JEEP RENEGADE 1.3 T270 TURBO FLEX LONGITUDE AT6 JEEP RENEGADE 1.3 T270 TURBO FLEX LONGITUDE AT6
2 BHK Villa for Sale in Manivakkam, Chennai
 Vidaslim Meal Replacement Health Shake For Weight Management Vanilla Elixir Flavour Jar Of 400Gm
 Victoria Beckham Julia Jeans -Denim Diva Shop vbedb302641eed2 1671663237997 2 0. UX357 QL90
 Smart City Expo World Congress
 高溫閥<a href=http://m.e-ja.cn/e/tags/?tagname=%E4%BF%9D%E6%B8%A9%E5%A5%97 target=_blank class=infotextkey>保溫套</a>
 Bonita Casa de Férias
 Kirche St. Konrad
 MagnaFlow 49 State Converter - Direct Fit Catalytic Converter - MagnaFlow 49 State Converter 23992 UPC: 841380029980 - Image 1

━━━━

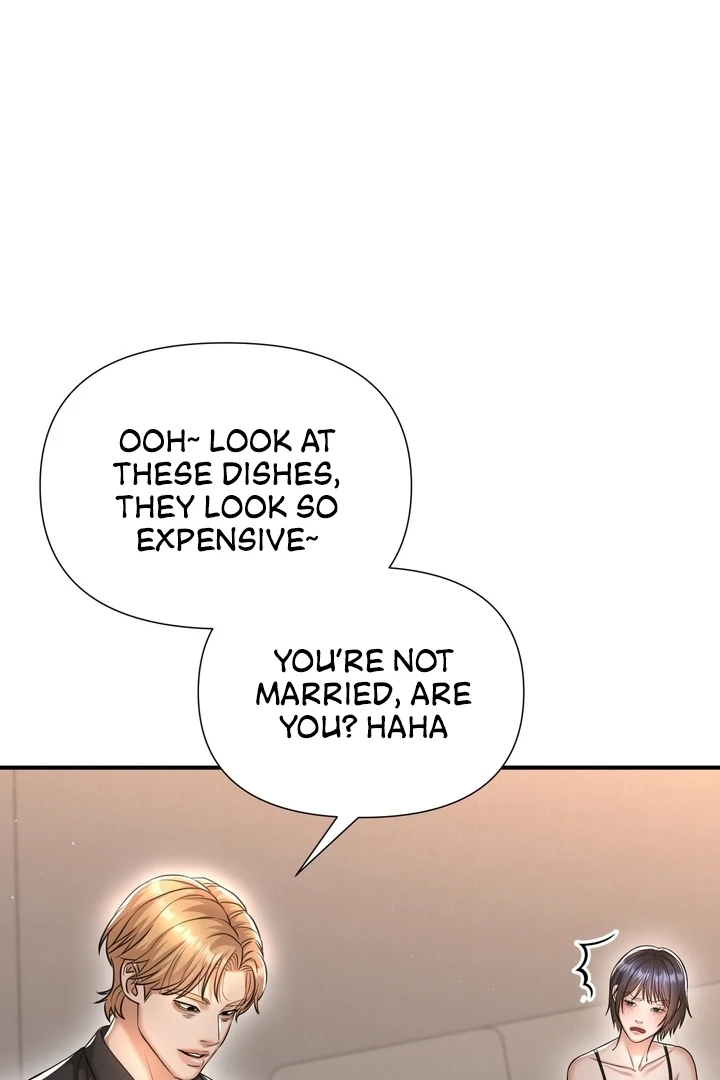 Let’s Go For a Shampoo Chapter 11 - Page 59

━━━━

## TASK REQUIREMENTS
Your answer should consist solely of the lines above from the line with "Kirche St. Konrad" to the line with "MagnaFlow 49 State Converter - Direct", both included, reproduced exactly.

## EXERCISE RESPONSE
 Kirche St. Konrad
 MagnaFlow 49 State Converter - Direct Fit Catalytic Converter - MagnaFlow 49 State Converter 23992 UPC: 841380029980 - Image 1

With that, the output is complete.